I've been seeing my dietitian for three and a half years, and it's safe to say that I've become rather attached to her.  She's seen me in the lowest lows of anorexia, and has slowly guided me back to what she says is a healthy weight (I still think I'm overweight.)  She's been patient while I threw tantrums (yes, tantrums at age 30ish) because I wouldn't eat another bite and helped me broaden my food choices.

My therapist and I have been discussing the progress I've made over the past three and a half years.  I went from someone on the verge of hospitalization to fully weight restored (I think it has been restored a little too much!)  It's been a drama filled, sinkhole riddled path, complicated by surgery, food limitations at school, and more allergies.  Progress, though, is progress, and I am grateful for the growth thus far.

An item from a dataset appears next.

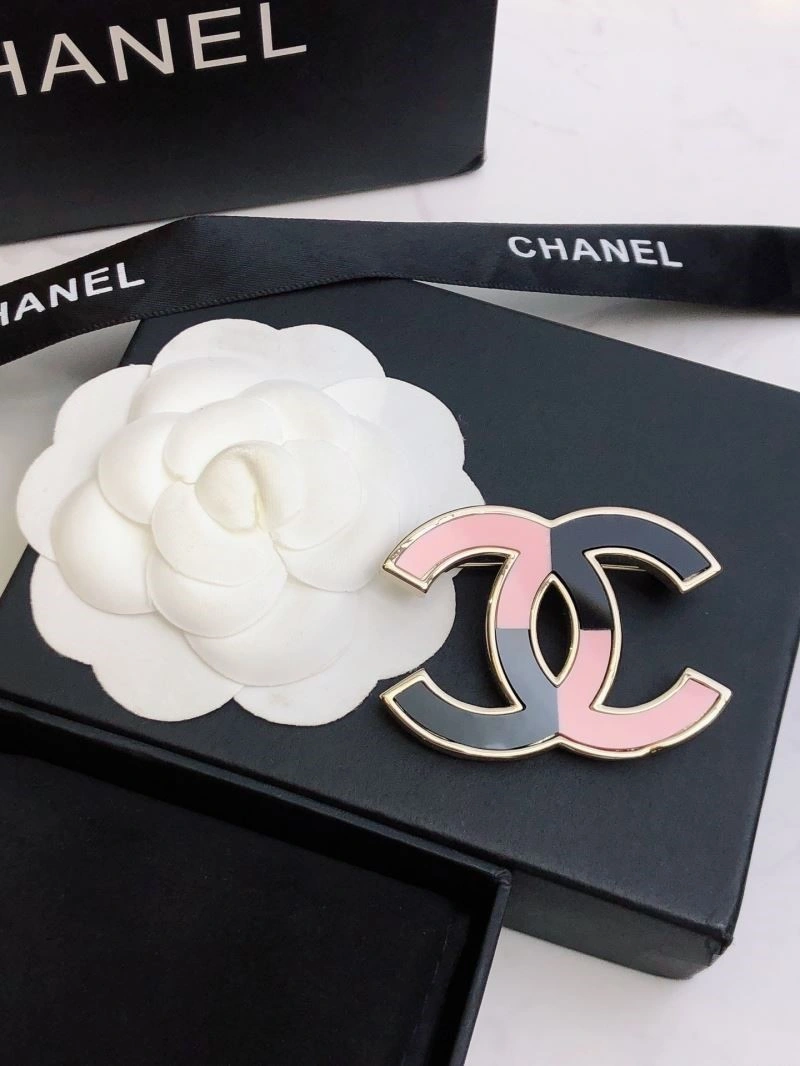 Casual Chanel Brooches 224407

This week, I will meet a new dietitian.  When I started with my dietitian, the goal was to learn how to eat healthy while handling food allergies.  Little did my consciousness know that I was hiding an eating disorder.  I was terrified that first visit, thanks to a previous dietitian I saw once, who scared me away from any and all dietitians.  Needless to say, our focus became weight restoration and maintenance.

This time, I'm nervous, but in a different way.  My dietitian said that sometimes people take you as far as they can, then it's time to move on.  I don't want to believe her.  I don't want to start over.  Even though...... I know she's sort of right.  I have to keep going without her.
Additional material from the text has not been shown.